A) Argumenta la apelante que el denunciante incurrió en contradicciones porque identificó el instrumento con el que se dañó el coche como unas llaves y luego como un objeto punzante. La Sala no aprecia contradicción alguna. Las llaves son, por definición, un objeto punzante. Además, en el juicio oral el testigo aclaró que no quería faltar a la verdad y sólo podía afirmar que lo que vio era un objeto de esta naturaleza, sin que esto comprometa en modo alguno la verosimilitud de su relato.

B) Objeta asimismo que el testigo no pudo ver lo que sucedía al encontrarse a unos 50 metros, afirmación gratuita que decae por sí sola ya que la distancia en cuestión no tiene por qué impedir, a falta de otras circunstancias que no constan, la visualización de cualquier hecho a plena luz del día (eran las 15.00 horas).
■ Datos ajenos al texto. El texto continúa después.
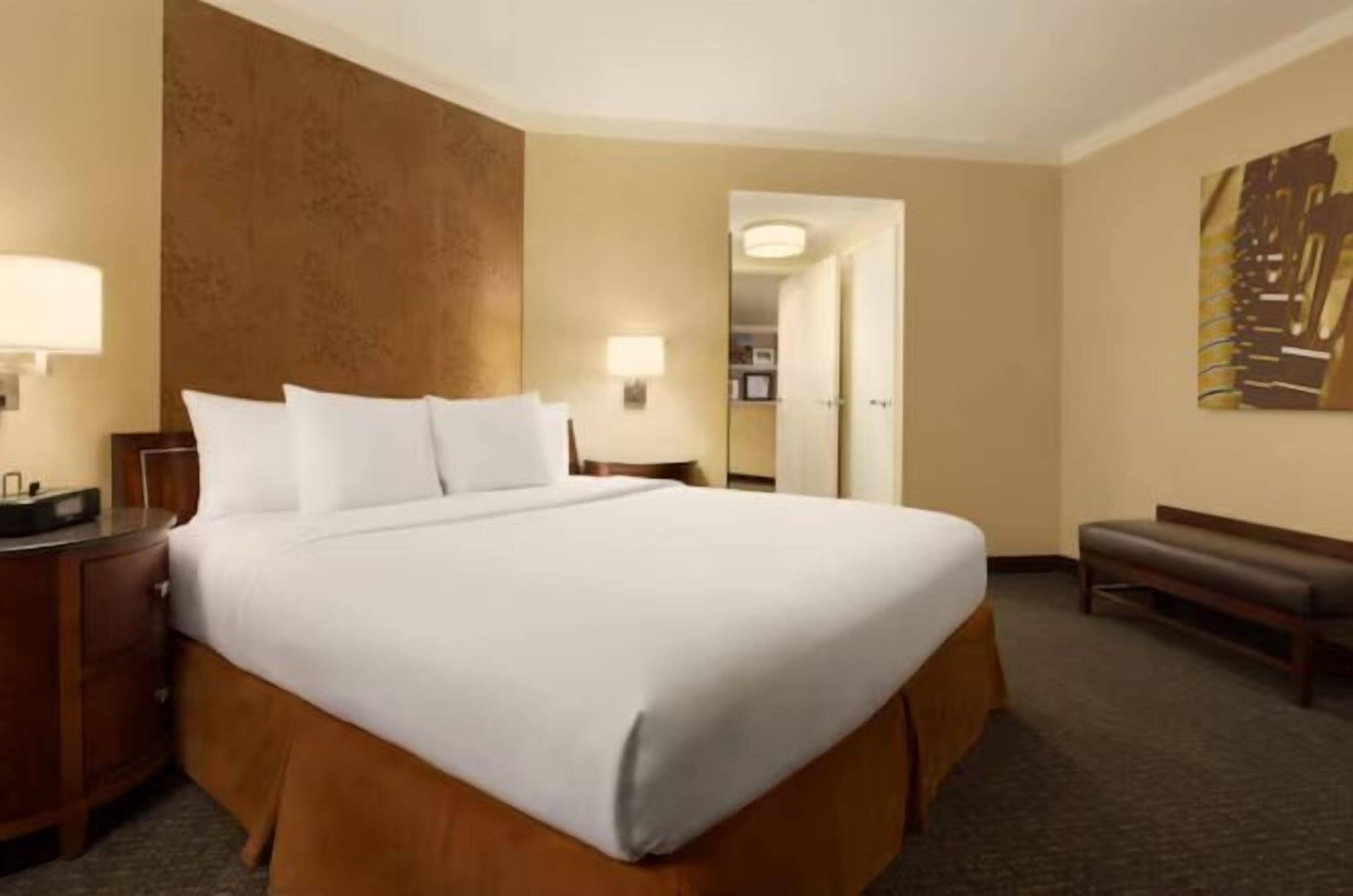 Rúmföt af bestu gerð, rúm með „pillowtop“-dýnum, öryggishólf í herbergi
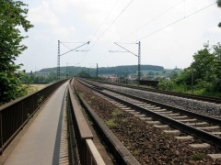 Naabtalradweg  Bahnlinie Richtung Regensburg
C) Por último, señala que el testimonio del perjudicado no es verosímil porque actuó guiado por un móvil espurio, al estar denunciado por la acusada ante el Juzgado de Violencia sobre la Mujer. Ciertamente, la existencia de ese procedimiento aconsejaba, en buena lógica, valorar con extrema cautela el testimonio del denunciante. Y así lo hizo el Juzgado, que buscó -y encontró- elementos objetivos de corroboración determinantes, como el informe del Centro Cometa que confirma en gran medida el relato acusatorio. Por tanto, cualquier posible sospecha de verosimilitud por el motivo apuntado quedó razonablemente excluida.

En suma, la prueba con que contó el Juzgado fue correctamente valorada y resultaba suficiente por su contenido y sentido incriminatorio para desvirtuar la presunción de inocencia, por lo que el motivo de apelación ha de ser rechazado.



QUINTO.- No concurren razones para hacer expresa imposición de las costas de esta alzada, por lo que serán declaradas de oficio.

VISTAS las disposiciones citadas y demás de pertinente y general aplicación,

Fallo

Que, con DESESTIMACIÓN del recurso de apelación deducido por la representación procesal de Dª. Andrea contra la sentencia dictada con fecha de 8 de octubre de 2019 por el Juzgado de lo Penal nº 4 de Almería en las actuaciones de las que deriva la presente, CONFIRMAMOS dicha resolución, declarando de oficio las costas de esta alzada.

Devuélvanse los autos originales al Juzgado de procedencia acompañándose de certificación literal de la presente resolución a efectos de ejecución y cumplimiento, de lo que se acusará recibo para constancia en el Rollo de Sala.

Así por esta nuestra sentencia, definitivamente juzgando, lo pronunciamos, mandamos y firmamos.